On 27 Nov 2003 07:57:45 -0800, [EMAIL PROTECTED] (Thelmo Loisio) wrote:

>On Wed, 2003-11-26 at 17:03, Greg Hennessy wrote:
>
>> You cant use a transparent proxy with a pure bridge. The connection to
>> remote site goes out from the proxy server not the the client.
>
>Well, if you assign to the nics and IP address you can, but maybe this
>for you isn't "pure bridge".

Thats it, you're now at layer 3 rather than Layer 2. 


>I've made another test, squid listen only on 127.0.0.1:3128 

Thats the way I have it here. If you're not seeing anything in the squid
logs, it sounds like the packet filtering is not quite right.  
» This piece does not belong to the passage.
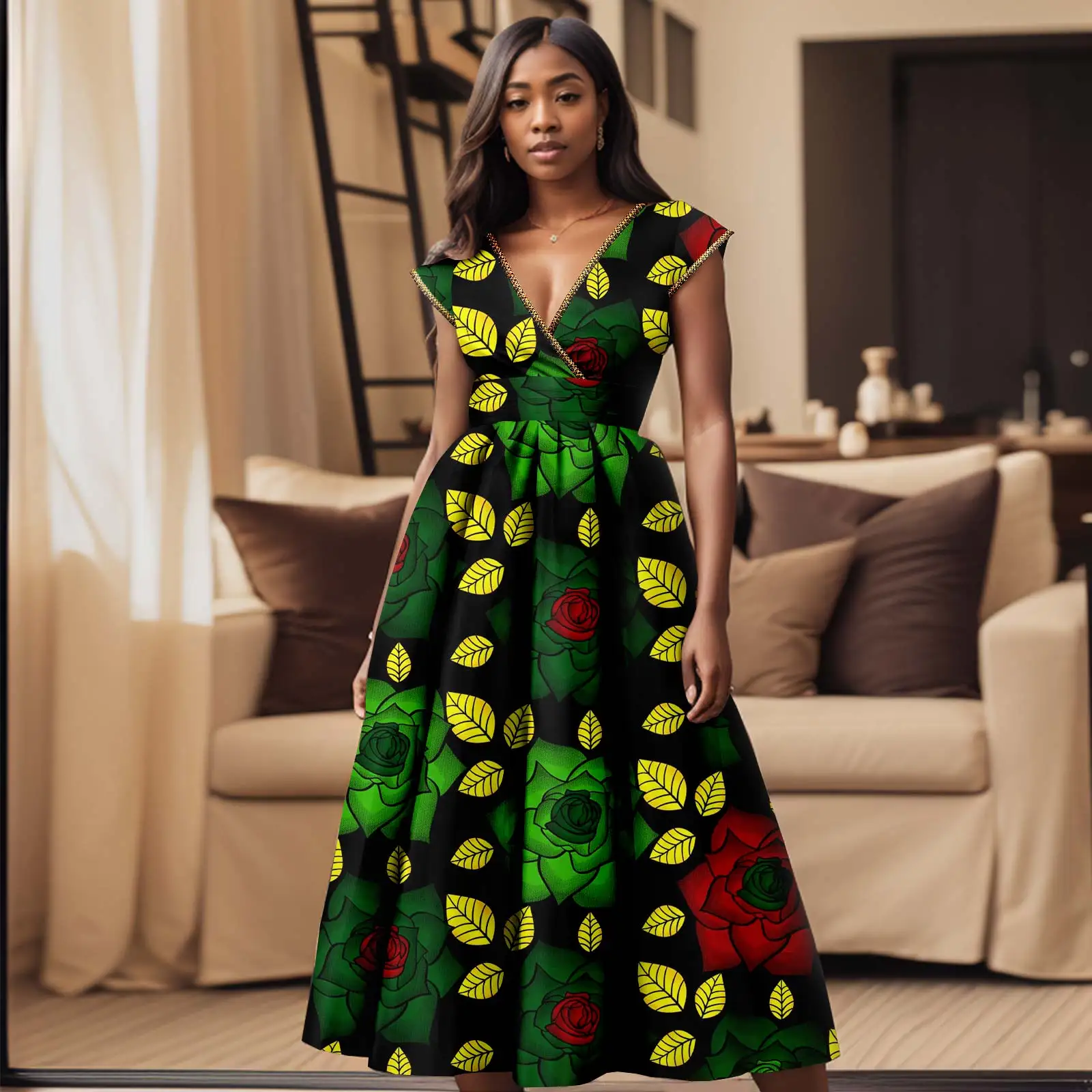 

African Women's Dresses Sleeveless Ankara Printed Fabric Cuffs V Neck Gold Beaded Embellished Sexy Style Dresses 2425009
KSF="keep state flags S/SA"
TCP="inet proto tcp"
UDP="inet proto udp"

# Add redirect to allow transparent caching of port 80 traffic.
#
rdr on $Inside proto tcp from $Lan to !$Lan port www -> 127.0.0.1 port 3128


Then the following. 

# Localhost
#
pass quick on lo0 $TCP all $KSF
pass quick on lo0 all keep state

Then 

# allow but dont log the following
#
pass out quick on $Outside $TCP from ($Outside) to !$LAN port http user \
_squid $KSF queue (q_def, q_pri) label "ACCEPT: proxy 


I havent used PF @ L2, I prefer working @ L3. 

>the client
>is configured to have the proxy on one ip assigned to one nic on the
>bridged box and on the bridged box i've a rdr rule that catch the
>connection to that ip... well in this configuration everything is
>working good.

Thats inline rather than transparent. 

>
>Any hint is really appreciated. Thanks

two questions, 

you've compiled squid with --enable-pf-transparent enabled ? 

Have you followed the instructions here.

http://www.benzedrine.cx/transquid.html

If you just want to implement a transparent cache, putting a route map on
your inside cisco and use policy based routing to hand off to squid would
be the way I'd do it. 


greg




-- 
$ReplyAddress = Use google to figure it out. 
The Following is a true story.....
Only the names have been changed to protect the guilty.